En effet, même si le 4° du I de l’article L. 411-2 du même code énonce que l’autorité administrative peut délivrer des dérogations à ces interdictions, cela n’est possible que si trois conditions distinctes et cumulatives sont réunies :

• absence de solution alternative satisfaisante
• ne pas nuire « au maintien, dans un état de conservation favorable, des populations des espèces concernées dans leur aire de répartition naturelle « 
• l’existence d’un des cinq motifs parmi lesquels : « Dans l’intérêt de la santé et de la sécurité publiques ou pour d’autres raisons impératives d’intérêt public majeur, y compris de nature sociale ou économique, et pour des motifs qui comporteraient des conséquences bénéfiques primordiales pour l’environnement ».

En l’espèce ce projet d’extension de la ligne 1 dans le Bois de Vincennes qui affecte la conservation d’espèces animales ou végétales protégées et de leurs habitats ne remplit pas ces trois conditions cumulatives puisqu’il existe d’autres alternatives satisfaisantes à ce tracé, économe des ressources de la planète et des deniers publics, puisqu’un tunnel ferroviaire existant pourrait être utilisé pour la traversée du Bois de Vincennes (le tunnel en prolongement de l’arrière gare de château de Vincennes qui mène au centre de maintenance de Fontenay-sous-Bois), et qui sert actuellement pour une desserte technique. C’est bien la preuve qu’il est utilisable.
Ne conduisant à aucun défrichement, à aucun déblai, à aucun déchet, à aucune émission de CO2 à aucune artificialisation supplémentaire, cette solution serait donc compatible avec l’intérêt supérieur qui s’attache à la protection du Bois de Vincennes et spécifiquement de son massif forestier. À défaut de renoncer au projet lui-même, il faut donc retenir cette solution.

Rappelons que cette balance des intérêts en jeu, notamment concernant l’atteinte aux espèces protégées, a fait l’objet d’une jurisprudence du Conseil d’État en 2018 – Déviation routière de Beynac (CE, 28/12/2018)

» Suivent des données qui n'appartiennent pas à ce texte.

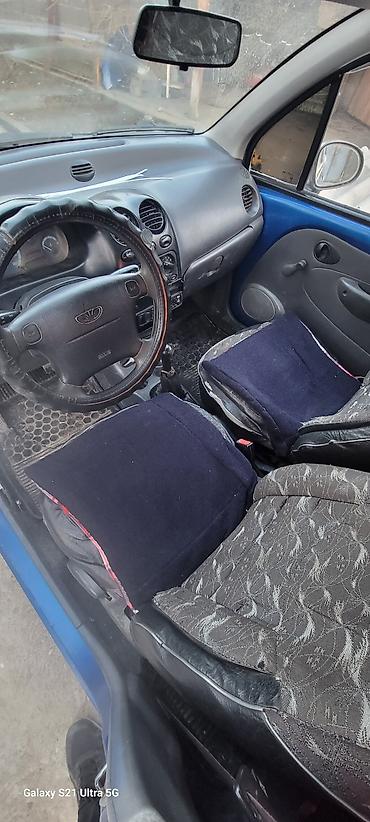 Mini: Mini : 2010 г., 0.8 л, Ручные, Бензин, Хэтчбэк — 10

* (L’autorité environnementale est représentée par les missions régionales d’autorité environnementale (MRAe). Ces formations du Conseil général de l’environnement et du développement durable (CGEDD), composées de membres permanents du CGEDD et de membres associés, se sont substituées aux préfets de bassin, de région, de Corse ou de département comme autorité environnante pour les plans et programmes locaux. Le décret  de 2016 instituant les MRAe comme autorité environnementale vise à renforcer l’indépendance des décisions et avis rendus par les autorités environnementales locales sur les plans et programmes.)